- [Task description]: Keep the pictures out. Copy every line of the listing exactly.

- [Recorded information]:
▼▼▼

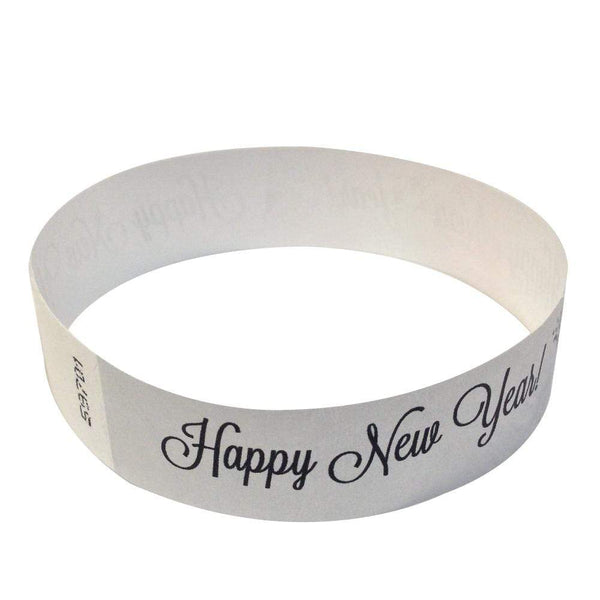 Event Wristbands Tyvek Stock - Holiday Happy New Years / Silver / 100 3/4" Tyvek Wristbands Pre-Printed New Year's Eve Designs
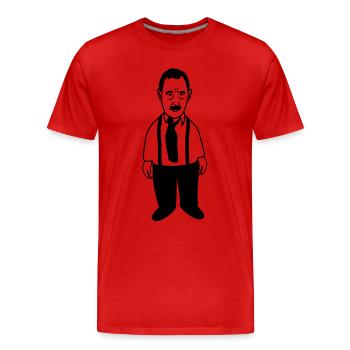 Alfred - Männer Premium Bio T-Shirt - Rot - Vorne - Damien (186cm)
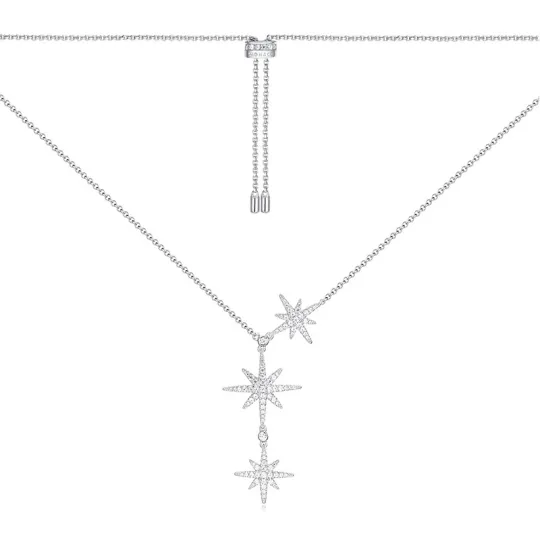 Apm Monaco 925 Sterling Silver Synthetic Cubic Zirconia Necklaces Women's Silver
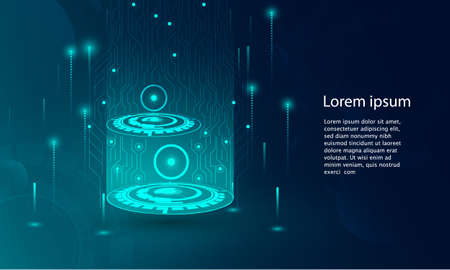 Abstract technology concept particle connection background with blue lights. blue color abstract screen, hi speed internet technology.のイラスト素材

▲▲▲

- [Exercise response]:
 Event Wristbands Tyvek Stock - Holiday Happy New Years / Silver / 100 3/4" Tyvek Wristbands Pre-Printed New Year's Eve Designs
 Alfred - Männer Premium Bio T-Shirt - Rot - Vorne - Damien (186cm)
 Apm Monaco 925 Sterling Silver Synthetic Cubic Zirconia Necklaces Women's Silver
 Abstract technology concept particle connection background with blue lights. blue color abstract screen, hi speed internet technology.のイラスト素材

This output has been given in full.